The invention is further described using examples with reference to the accompanying drawings, in which:
FIG. 1 shows a side view of a joining point of a building frame according to the invention.

 FIG. 2 shows a top view of a connection point of a building frame according to the invention.

 FIG. 3 shows details of the chassis of FIG. 1 and 2 in perspective.

 FIG. 4-6 show various profiles of different embodiments of a horizontal beam according to the invention.

 FIG. 7 corresponds to FIG. 3 and shows a perspective view of a detail of a building frame according to a second embodiment of the invention.

 FIG. 8 corresponds to FIG. 3 and shows a perspective view of a detail of a building frame according to a third embodiment of the invention.

 FIG. 9 shows a side view of the structure of FIG. 8.

 FIG. 10 shows a top view of the structure of FIG. 8.

 FIG. 11 corresponds to FIG. 9 and shows a side view of a carcass structure according to a fourth embodiment of the invention.

 FIG. 12 shows a top view of the structure of FIG. eleven.

 FIG. 1 shows a side view of a detail of a building frame according to the invention, on which you can see the connection point of the steel vertical column 12 and the steel horizontal beam 21. At the connection point, the vertical column 12 consists of two parts, which are the column 12a above the horizontal beam 21 and the column 12b below horizontal beam 21. Flanges 17a and 17b are attached at the ends of both parts 12a and 12b of the vertical column.

 According to the invention, the horizontal beam 21 used in the structure is a U-shaped beam open in the upper part including the lower plate 22, vertical walls 23a and 23b and mounting flanges 27a and 27b protruding on the sides of the lower part.
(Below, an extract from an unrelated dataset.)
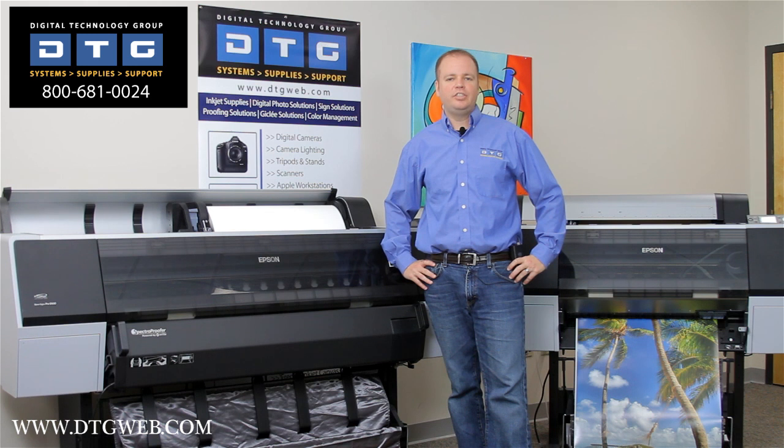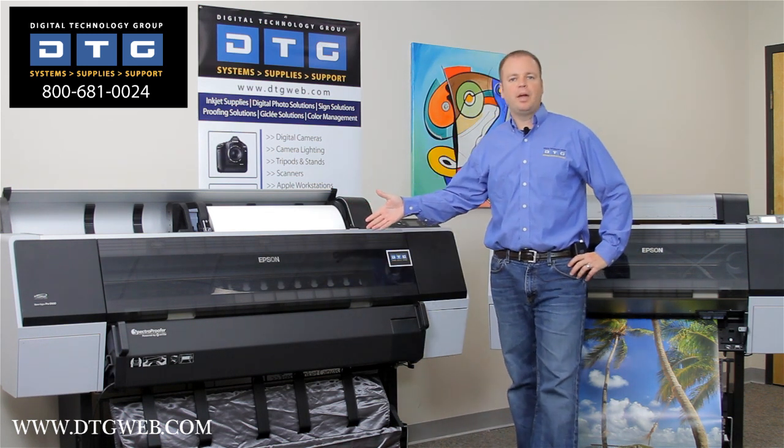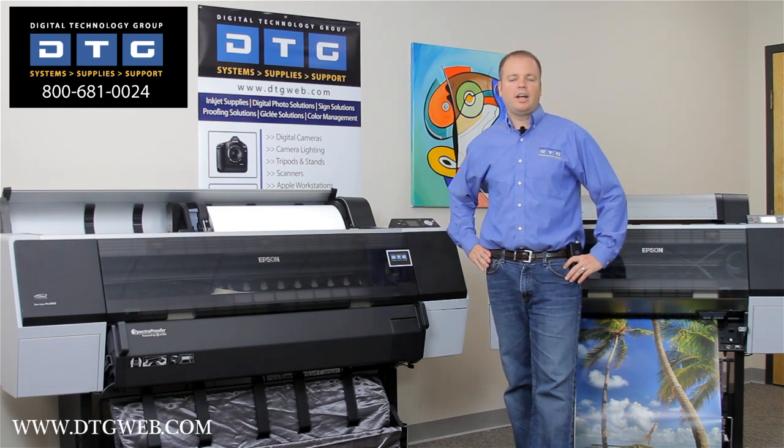Hi, this is Scott Erickson with DTG. Today we're showing the 7900 and 9900 printers from Epson, the latest generation in their wide format print technology.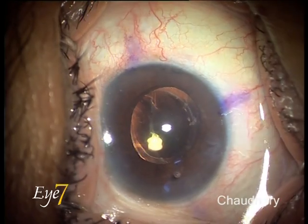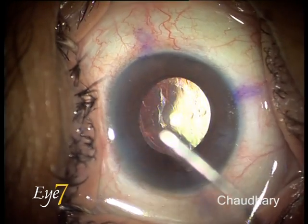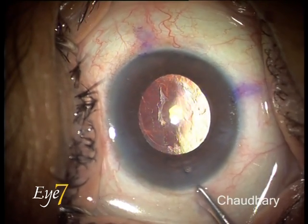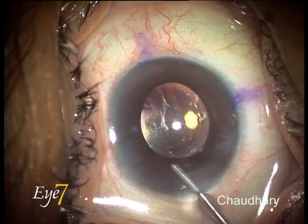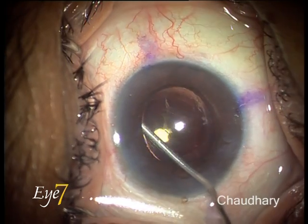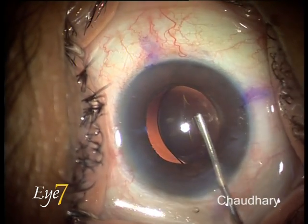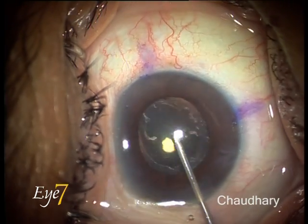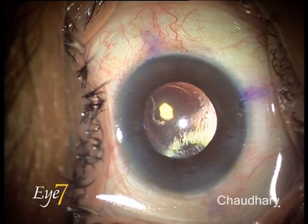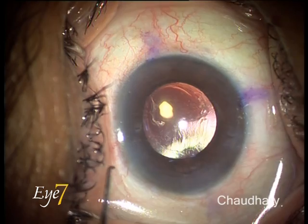We presume that this lens is adherent all over to the capsular bag and we will have to separate the entire lens from the capsular bag. Now I am moving with a viscoelastic under the anterior capsule, injecting the viscoelastic, and you can see this viscoelastic wave going behind the lens. With counter pressure, I complete the viscoelastic wave and I think I have a totally free lens in the capsular bag.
A plate 22 at the bottom of the horizontal beam 21 is located on the mounting flange 17b of the vertical beam 12b directly below the horizontal beam. Accordingly, the mounting flange 17a of the vertical column 12a above the horizontal beam 21 is located directly on top of the lower plate 22 of the horizontal beam 21.
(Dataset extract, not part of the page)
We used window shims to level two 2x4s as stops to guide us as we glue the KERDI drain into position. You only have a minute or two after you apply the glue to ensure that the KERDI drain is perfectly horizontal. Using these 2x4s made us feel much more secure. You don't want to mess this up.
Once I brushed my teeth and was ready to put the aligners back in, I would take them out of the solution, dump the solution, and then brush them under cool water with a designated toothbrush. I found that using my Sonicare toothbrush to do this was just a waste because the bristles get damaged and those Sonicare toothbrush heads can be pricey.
 In the structure of FIG. 1, the holes for the bolts are made in the lower part 22 of the horizontal beam 21 and, respectively, the holes for the bolts are made at the corresponding points on the mounting flanges 17a and 17b of the vertical column 12a and 12b above and below the horizontal beam 21. If the horizontal beam 21 is installed during the construction of the building frame in place between the columns 17a and 17b of the vertical columns 12a and 12b, the bolt holes in them also coincide with each other. In this case, the flanges 17a and 17b and the horizontal beam 21 between them can be fastened to each other by bolts 14. As for the steel structure, its connection with this ends. The connection of horizontal beams can, if necessary, be reinforced with vertical elements made of steel sheet, which are bolted inside the vertical walls of horizontal beams.

 After the construction of steel structures, structures of the intermediate floor 11 of the building are mounted. For this purpose, the horizontal beam in FIG. 1 there are mounting flanges 27a and 27b protruding from two sides of it. Concrete slabs or steel profiles acting as a framework for casting the intermediate floor are laid on top of these flanges 27a and 27b.

 When the steel structures and the elements of the intermediate floor of the building frame are installed, the concrete reinforcement is placed both in the horizontal beam 21 and the vertical column 12. In the horizontal beam 21 in FIG. 1, the concrete reinforcement 19 is passed through both the openings 15 made for it and through the openings 16 provided for filling with concrete. Finally, the concrete is filled so that both the vertical column 12 and the horizontal beam 21 are filled with concrete. In FIG. 1, the upper surface of cast concrete is, for example, at a level corresponding to the upper surface of the elements of the intermediate floor.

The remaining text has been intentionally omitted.